I may have to work on my communications skills.
I said something today during a group discussion that elicited a gasp from at least one of my clergy colleagues.
It happened at a workshop for the ELCA pastors here in our portion of southern Ohio. The workshop was called Recognizing and Dealing with Depression. The event was initiated by Pastor John "Jack" Jackson, who serves as president of our grouping of twenty-or-so congregations which make up what we call the Scioto Conference. Jack, who is observant of human behavior, capable of sniffing out denial readily, had discerned that many clergy, who spend their lives as caregivers, often don't take very good care of themselves. This was true, he saw, not only with physical health, but also with emotional and spiritual health as well. Many clergy, as hard as it may be to understand, are depressed.
I got to hear two of the three presenters: Dr. Evelyn Kirkhart, a counseling psychologist, and Dr. Yvette Hensley, professor of pastoral care at Trinity Lutheran Seminary. Both were outstanding as, I'm told, was Pastor Mark Nodo, a psychologist and counselor, the first presenter of the day. Sometime, I may write more about the numbers of things I learned, as well as those things I already knew but found reinforced in what they had to say.
But now, back to the gasp I mentioned at the beginning.

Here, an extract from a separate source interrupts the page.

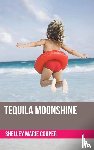 Cooper, Shelley Marie - Tequila Moonshine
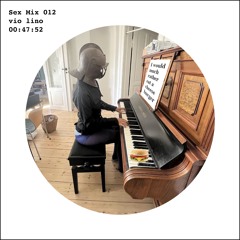 Sex Mix 012: vio lino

Both Kirkhart and Hensley, in their own ways, emphasized that getting sufficient rest is an important strategy for staving off depression. Now, that ought to be obvious, I guess. But as I heard these two experts articulate that fact, I thought of all the people I've known through the years whose struggles with varying levels of depression were either triggered, or more commonly, exacerbated, by the frenetic paces at which they lived their lives. They failed to get rest and that made their depression worse.
It wasn't just to give us a day to worship Him that God established the Third Commandment: "Remember the Sabbath day to keep it holy." God wants us to take a day to recharge our batteries by laying low and getting reconnected with God and God's people. It's energizing to do that. God also wants us to close our eyes and sleep.
After the presentations, we were encouraged to join in on conversation. It was at this point that I decided to make a confession, one which I think was misunderstood.
The point I was trying to make was that before coming to my current parish, which has had a high number of deaths and hospitalizations since I arrived here and which also has an atypically high number of shut-ins (elderly who live in nursery facilities or are homebound), I realized that my previously loosey-goosey approach to sabbath rest wouldn't work. For the first twenty-three years of my pastoral ministry, I admitted, I decided on Sunday nights which day of the coming week I would take off. I might take any one of the six days other than Sunday, a workday for a pastor no matter what.
I elicited a gasp because at least one of my colleagues evidently thought I was saying that in the first twenty-three years of my ministry I had never taken a day off. Looking back, I understand how that impression was created.
But, not true. Had it been that long since I'd taken time off, I doubt that I would still be around. All work and no play not only makes Joe a dull boy, most of the Presidents in my lifetime stand as vivid testimony as to how unremitting work ages a human being.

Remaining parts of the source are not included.